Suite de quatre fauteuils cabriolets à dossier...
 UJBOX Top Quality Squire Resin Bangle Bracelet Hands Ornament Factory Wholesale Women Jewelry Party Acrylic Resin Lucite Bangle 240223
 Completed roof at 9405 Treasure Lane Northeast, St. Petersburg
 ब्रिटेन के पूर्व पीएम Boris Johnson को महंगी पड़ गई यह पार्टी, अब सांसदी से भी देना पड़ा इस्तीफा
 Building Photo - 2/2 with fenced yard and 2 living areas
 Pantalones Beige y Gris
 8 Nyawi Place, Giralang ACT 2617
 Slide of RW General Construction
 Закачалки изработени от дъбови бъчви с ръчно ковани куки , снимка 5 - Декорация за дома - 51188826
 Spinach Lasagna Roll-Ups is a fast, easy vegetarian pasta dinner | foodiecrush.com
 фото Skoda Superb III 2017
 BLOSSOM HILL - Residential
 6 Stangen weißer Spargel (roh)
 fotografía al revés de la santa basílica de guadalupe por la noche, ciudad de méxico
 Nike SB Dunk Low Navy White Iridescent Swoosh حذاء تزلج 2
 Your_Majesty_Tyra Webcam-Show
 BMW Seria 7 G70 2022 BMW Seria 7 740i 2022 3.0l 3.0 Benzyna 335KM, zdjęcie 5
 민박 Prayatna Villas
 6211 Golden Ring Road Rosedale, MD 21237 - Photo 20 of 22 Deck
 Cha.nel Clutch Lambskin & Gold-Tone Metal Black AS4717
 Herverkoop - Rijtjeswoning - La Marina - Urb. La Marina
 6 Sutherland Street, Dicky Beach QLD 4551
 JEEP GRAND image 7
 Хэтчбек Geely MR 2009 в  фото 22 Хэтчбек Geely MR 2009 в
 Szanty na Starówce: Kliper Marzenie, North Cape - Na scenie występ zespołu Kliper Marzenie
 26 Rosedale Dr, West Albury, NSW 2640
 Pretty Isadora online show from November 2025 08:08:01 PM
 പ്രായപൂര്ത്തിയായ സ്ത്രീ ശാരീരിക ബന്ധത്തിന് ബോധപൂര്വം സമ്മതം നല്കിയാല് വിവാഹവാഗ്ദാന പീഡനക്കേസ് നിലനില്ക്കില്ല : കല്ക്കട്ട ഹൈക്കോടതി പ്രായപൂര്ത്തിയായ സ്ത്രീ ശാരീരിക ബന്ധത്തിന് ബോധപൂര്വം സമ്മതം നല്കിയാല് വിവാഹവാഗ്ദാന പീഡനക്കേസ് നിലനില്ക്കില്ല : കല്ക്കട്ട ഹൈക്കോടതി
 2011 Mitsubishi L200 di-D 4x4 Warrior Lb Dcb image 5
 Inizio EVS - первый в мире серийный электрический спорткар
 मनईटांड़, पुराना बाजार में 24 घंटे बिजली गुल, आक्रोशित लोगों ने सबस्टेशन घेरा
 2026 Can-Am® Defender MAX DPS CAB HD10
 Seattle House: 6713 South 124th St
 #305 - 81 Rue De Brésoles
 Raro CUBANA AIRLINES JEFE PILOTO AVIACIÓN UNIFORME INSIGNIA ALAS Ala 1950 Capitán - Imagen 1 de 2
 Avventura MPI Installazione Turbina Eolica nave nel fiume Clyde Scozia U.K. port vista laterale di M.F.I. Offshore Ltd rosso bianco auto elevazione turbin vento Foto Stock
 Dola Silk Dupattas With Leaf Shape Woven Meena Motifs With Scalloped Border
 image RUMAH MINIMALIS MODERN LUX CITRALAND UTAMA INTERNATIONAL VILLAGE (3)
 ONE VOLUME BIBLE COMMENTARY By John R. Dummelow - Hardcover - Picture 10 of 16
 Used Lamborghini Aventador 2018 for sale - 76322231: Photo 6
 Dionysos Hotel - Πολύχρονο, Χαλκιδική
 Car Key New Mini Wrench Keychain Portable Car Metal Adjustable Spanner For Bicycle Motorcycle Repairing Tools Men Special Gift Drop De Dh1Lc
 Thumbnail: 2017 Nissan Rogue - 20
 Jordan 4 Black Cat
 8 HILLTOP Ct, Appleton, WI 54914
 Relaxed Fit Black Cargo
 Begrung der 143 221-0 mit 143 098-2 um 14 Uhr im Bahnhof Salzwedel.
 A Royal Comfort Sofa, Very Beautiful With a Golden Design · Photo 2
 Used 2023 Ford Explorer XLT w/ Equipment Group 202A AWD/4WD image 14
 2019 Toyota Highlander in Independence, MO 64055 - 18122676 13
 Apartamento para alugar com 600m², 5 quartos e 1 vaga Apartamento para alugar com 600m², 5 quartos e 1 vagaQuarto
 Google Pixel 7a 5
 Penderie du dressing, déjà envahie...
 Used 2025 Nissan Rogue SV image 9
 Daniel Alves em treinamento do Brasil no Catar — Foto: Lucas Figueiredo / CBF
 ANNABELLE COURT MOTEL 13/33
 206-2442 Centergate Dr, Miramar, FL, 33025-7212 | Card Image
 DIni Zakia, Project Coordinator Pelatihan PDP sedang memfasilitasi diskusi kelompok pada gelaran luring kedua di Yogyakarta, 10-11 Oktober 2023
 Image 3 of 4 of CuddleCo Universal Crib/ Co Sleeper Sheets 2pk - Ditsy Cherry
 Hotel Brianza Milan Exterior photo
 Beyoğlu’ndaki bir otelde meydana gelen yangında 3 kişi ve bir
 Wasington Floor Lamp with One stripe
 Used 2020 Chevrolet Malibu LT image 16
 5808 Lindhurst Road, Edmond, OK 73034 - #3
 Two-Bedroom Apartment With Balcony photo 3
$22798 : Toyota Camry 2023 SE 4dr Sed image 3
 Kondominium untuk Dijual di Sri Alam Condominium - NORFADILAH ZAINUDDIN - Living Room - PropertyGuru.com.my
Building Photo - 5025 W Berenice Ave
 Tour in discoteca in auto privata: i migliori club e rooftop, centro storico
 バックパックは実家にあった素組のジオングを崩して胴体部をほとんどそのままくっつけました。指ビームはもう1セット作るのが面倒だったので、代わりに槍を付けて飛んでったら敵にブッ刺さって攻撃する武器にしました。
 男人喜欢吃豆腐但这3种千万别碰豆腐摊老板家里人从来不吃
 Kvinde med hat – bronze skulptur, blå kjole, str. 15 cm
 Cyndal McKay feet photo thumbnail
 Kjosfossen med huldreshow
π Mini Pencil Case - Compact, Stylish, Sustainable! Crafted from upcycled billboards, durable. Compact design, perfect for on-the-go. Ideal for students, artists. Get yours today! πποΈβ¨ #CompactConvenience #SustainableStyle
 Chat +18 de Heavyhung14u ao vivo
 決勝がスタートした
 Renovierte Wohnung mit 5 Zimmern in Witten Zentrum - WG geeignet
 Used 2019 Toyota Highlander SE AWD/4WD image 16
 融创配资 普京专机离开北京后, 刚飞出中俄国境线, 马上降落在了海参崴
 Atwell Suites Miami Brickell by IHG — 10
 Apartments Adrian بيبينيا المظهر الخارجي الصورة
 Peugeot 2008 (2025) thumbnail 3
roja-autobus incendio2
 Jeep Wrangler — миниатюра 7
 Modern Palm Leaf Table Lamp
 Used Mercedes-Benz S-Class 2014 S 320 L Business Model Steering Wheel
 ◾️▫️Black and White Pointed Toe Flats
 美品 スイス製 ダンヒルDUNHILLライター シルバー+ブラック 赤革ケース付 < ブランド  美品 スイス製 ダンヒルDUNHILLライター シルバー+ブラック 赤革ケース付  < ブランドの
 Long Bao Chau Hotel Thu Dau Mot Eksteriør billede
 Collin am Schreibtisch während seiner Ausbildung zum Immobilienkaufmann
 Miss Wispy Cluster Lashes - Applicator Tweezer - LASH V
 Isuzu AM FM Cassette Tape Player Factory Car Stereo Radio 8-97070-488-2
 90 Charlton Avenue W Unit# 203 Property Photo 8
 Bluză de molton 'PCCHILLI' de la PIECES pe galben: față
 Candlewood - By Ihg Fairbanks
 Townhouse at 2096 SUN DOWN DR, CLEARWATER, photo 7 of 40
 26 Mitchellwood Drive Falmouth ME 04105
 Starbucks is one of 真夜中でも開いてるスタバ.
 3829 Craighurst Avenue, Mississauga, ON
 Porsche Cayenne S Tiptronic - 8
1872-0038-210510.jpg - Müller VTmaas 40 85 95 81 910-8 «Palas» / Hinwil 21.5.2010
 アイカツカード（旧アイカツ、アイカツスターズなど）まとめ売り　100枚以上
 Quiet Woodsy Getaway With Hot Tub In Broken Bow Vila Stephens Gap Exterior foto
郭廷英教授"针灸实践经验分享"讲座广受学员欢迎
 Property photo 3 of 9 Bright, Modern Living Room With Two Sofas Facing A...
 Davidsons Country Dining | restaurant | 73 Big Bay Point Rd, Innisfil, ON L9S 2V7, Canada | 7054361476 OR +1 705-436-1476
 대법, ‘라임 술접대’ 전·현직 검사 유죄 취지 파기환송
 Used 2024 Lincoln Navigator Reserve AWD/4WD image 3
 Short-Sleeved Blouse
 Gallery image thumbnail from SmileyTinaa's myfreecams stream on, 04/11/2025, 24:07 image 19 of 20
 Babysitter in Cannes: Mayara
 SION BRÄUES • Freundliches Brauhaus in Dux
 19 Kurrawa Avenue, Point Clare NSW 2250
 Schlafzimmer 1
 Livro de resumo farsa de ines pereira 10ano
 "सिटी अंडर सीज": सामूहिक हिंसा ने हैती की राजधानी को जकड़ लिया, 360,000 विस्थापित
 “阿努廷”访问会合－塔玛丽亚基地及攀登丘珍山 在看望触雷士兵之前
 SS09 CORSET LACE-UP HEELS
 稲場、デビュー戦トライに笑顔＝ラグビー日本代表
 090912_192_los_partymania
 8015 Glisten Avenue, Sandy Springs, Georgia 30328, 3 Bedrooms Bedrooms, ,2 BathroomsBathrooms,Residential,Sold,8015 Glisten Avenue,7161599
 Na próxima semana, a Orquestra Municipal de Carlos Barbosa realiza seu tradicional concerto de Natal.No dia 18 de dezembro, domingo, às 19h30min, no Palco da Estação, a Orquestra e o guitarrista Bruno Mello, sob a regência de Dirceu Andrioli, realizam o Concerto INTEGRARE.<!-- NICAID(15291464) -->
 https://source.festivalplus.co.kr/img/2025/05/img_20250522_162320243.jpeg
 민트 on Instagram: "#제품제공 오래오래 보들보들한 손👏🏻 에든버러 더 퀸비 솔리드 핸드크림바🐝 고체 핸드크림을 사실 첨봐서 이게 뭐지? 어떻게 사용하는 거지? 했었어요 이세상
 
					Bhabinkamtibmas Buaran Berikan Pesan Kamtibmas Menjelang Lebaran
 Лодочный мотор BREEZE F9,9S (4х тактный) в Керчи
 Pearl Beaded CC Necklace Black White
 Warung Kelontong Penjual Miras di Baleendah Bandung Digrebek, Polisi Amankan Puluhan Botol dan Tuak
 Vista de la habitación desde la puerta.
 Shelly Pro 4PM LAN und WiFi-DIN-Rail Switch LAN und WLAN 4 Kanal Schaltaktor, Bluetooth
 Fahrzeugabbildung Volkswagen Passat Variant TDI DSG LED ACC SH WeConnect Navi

■ ■ ■

__AIM OF THE TASK__
All lines above containing the string "Avenue": copy each one.

__RESULT OF THE TASK__
 90 Charlton Avenue W Unit# 203 Property Photo 8
 3829 Craighurst Avenue, Mississauga, ON
 19 Kurrawa Avenue, Point Clare NSW 2250
 8015 Glisten Avenue, Sandy Springs, Georgia 30328, 3 Bedrooms Bedrooms, ,2 BathroomsBathrooms,Residential,Sold,8015 Glisten Avenue,7161599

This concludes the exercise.